ERG Aerospace Corp. plans to relocate its Oakland operations to McCarran, Nevada and make the Silver State its headquarters. The company manufactures materials and components for the aerospace, national defense, semiconductor manufacturing, biotech and other high technology industries. The target date for the move is the second quarter 2018, with operations to commence in the same quarter.

Several months ago, a non-profit organization said it would relocate out of state, too. Horizon University, a private, Christian school that started classes in 1993 in San Diego is heading to Indianapolis.

Horizon’s President Bill Goodrich calls the decision “a no-brainer.” He said Indiana offers a “climate” that was slipping away in California, and by that he wasn’t referring to San Diego’s sunny days. Goodrich said that the university helps people “grow academically” while integrating the “strong biblical teachings and we find in Indiana, there’s an openness to that.”

The move will allow the, accredited university to grow on a 97-acre spread – in a state with less “red tape” – and attract more students.

Thanks to high costs, a sizeable non-profit move is upcoming: Toastmasters International will shift its headquarters from its birthplace in Orange County to Colorado.

With about 180 employees, Toastmasters CEO Daniel Rex said costs in California were a concern. “When you look at the availability of workers, when you look at the cost of commerce and real estate, this is something that makes sense.” The organization is spending $19.5 million to buy a building in Englewood, south of Denver. Toastmasters is a legendary California institution, founded in 1924 in Santa Ana. Since 1990 it’s been based in Rancho Santa Margarita.

Business people who endure the decline in California’s business climate and pervasive cost increases can take some comfort knowing that some non-profit brethren are members of the same club.

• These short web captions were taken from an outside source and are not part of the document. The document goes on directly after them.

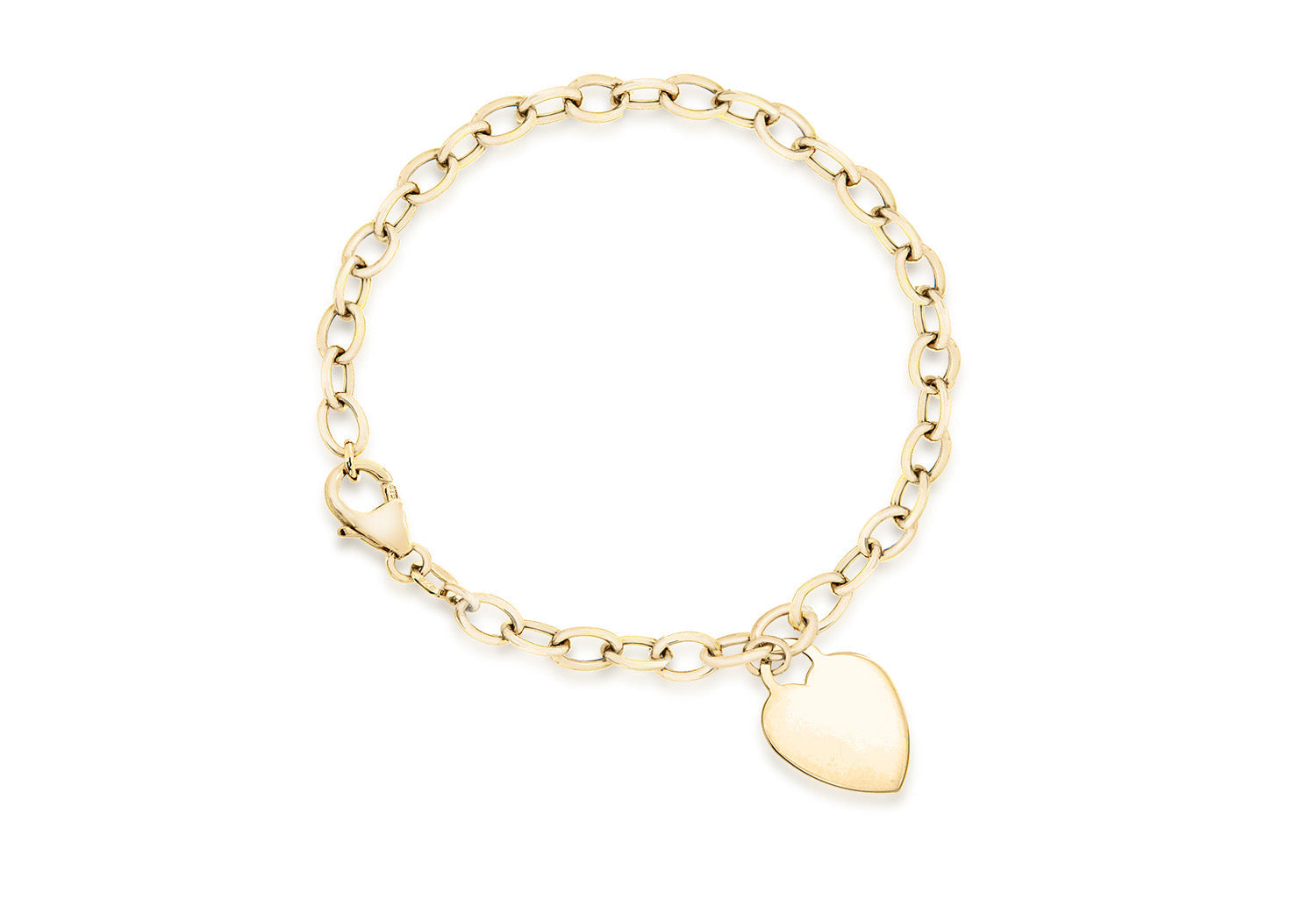 9K Yellow Gold Oval Belcher & Heart Tag Bracelet 18 cm - B & S Lyncris Jewellers
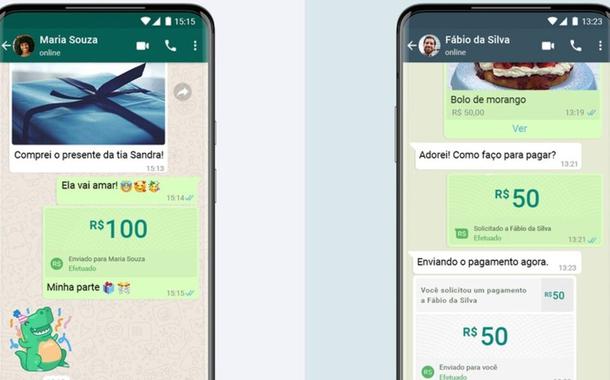 Simulação do WhatsApp Pay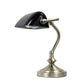 All The Rages Simple Designs Brushed Nickel Traditional Mini Bankers Lamp With Black Shade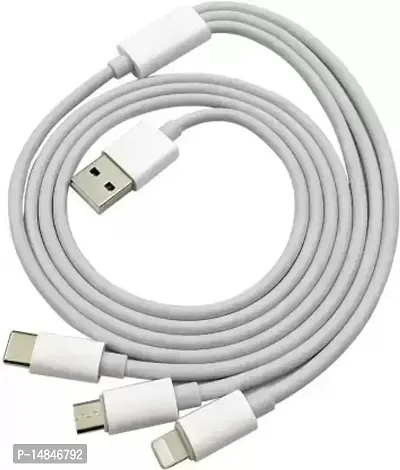 NEXCEN Power Sharing Cable 1 m Micro, Type C (3 in 1 multi charging cable)XP2  (Compatible with I PHONE, C TYPE PHONE, MICRO USB PHONE, White, One Cable)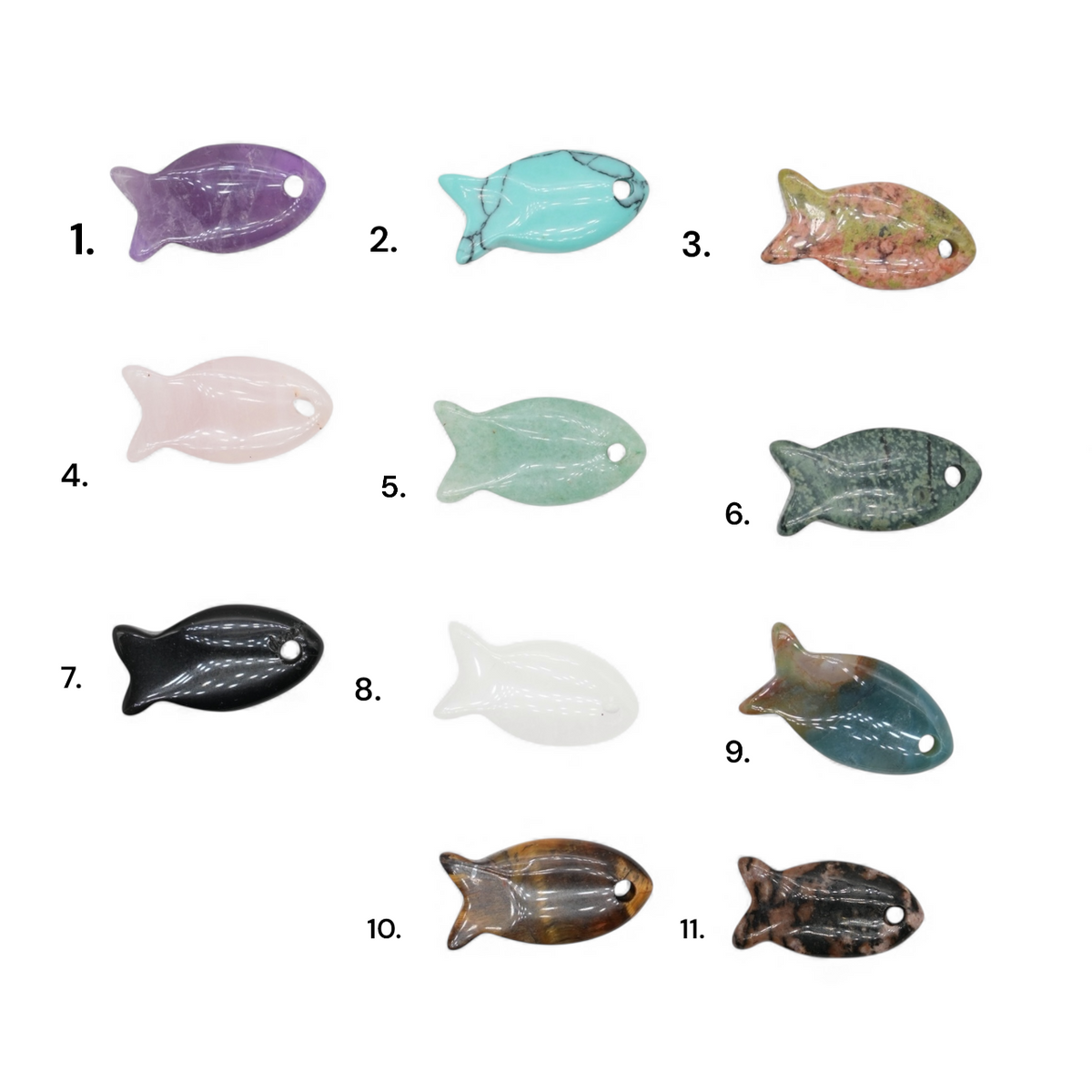 Lot de 5 poissons 2.5x1 cm — trou 2 mm (11 pierres disponible)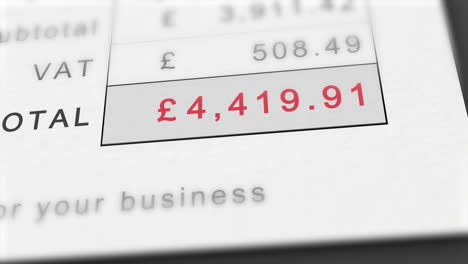 Close-up-animation-of-growing-invoice-total-in-British-Pounds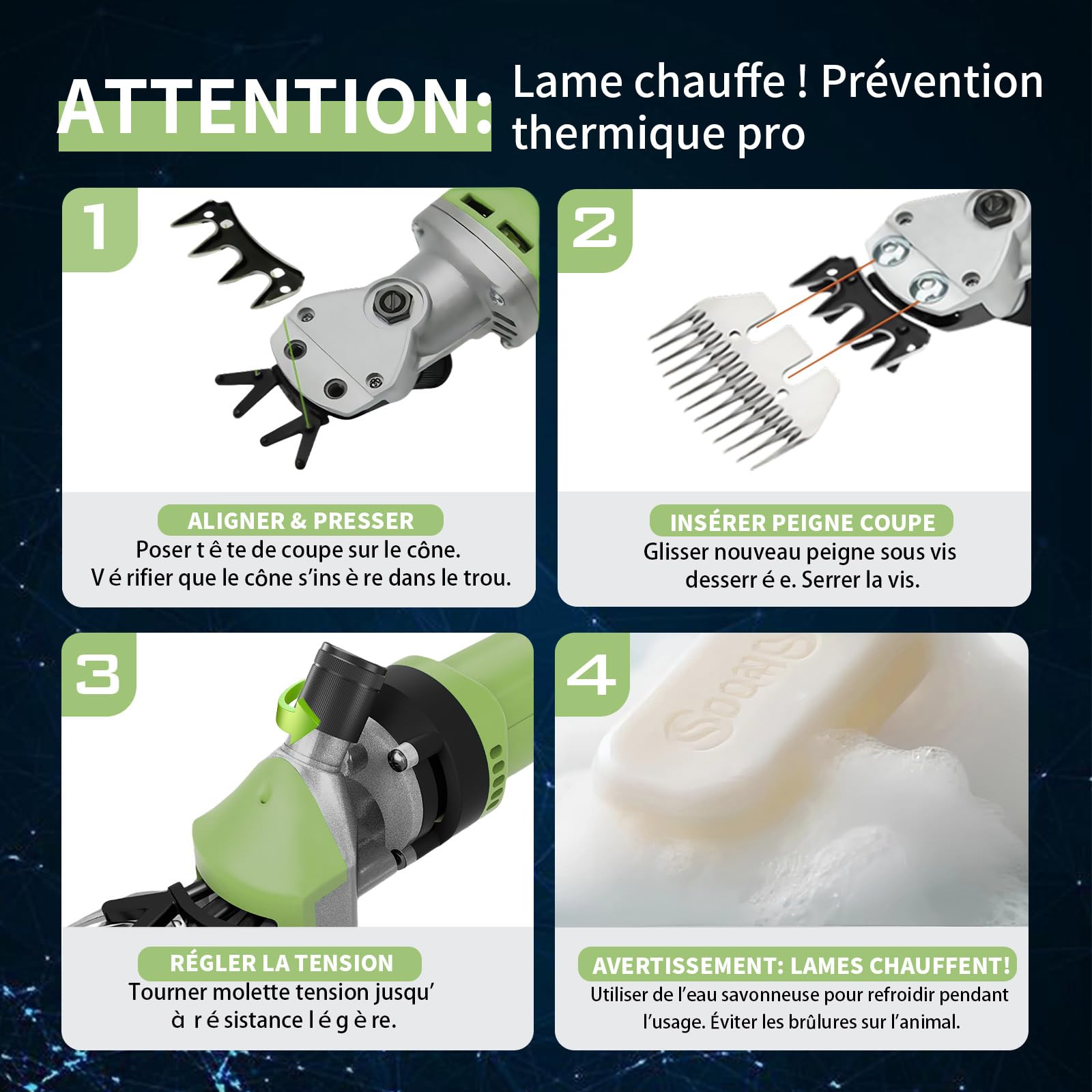 1200W Tondeuse a Mouton Professionnelle, 6 Vitesses Réglables 3200 tr/min, Lame 13 Dents pour Moutons Chèvres Alpagas, avec Manuel Français et Vidéo (Vert)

I’ll write moe about how California treats its commercial enterprises. But first let’s see how many business-helpful bills and business-damaging bills Gov. Jerry Brown will sign into law.

One focus of this blog has been to address California’s perennially difficult business environment. Joseph Vranich is known as The Business Relocation Coach while the formal name of his business is Spectrum Location Solutions. Joe helps companies find great locations in which to grow. Also, Joe has been a Keynote Speaker for more than 20 years – see A Speaker Throughout the U.S. and in Europe and Asia.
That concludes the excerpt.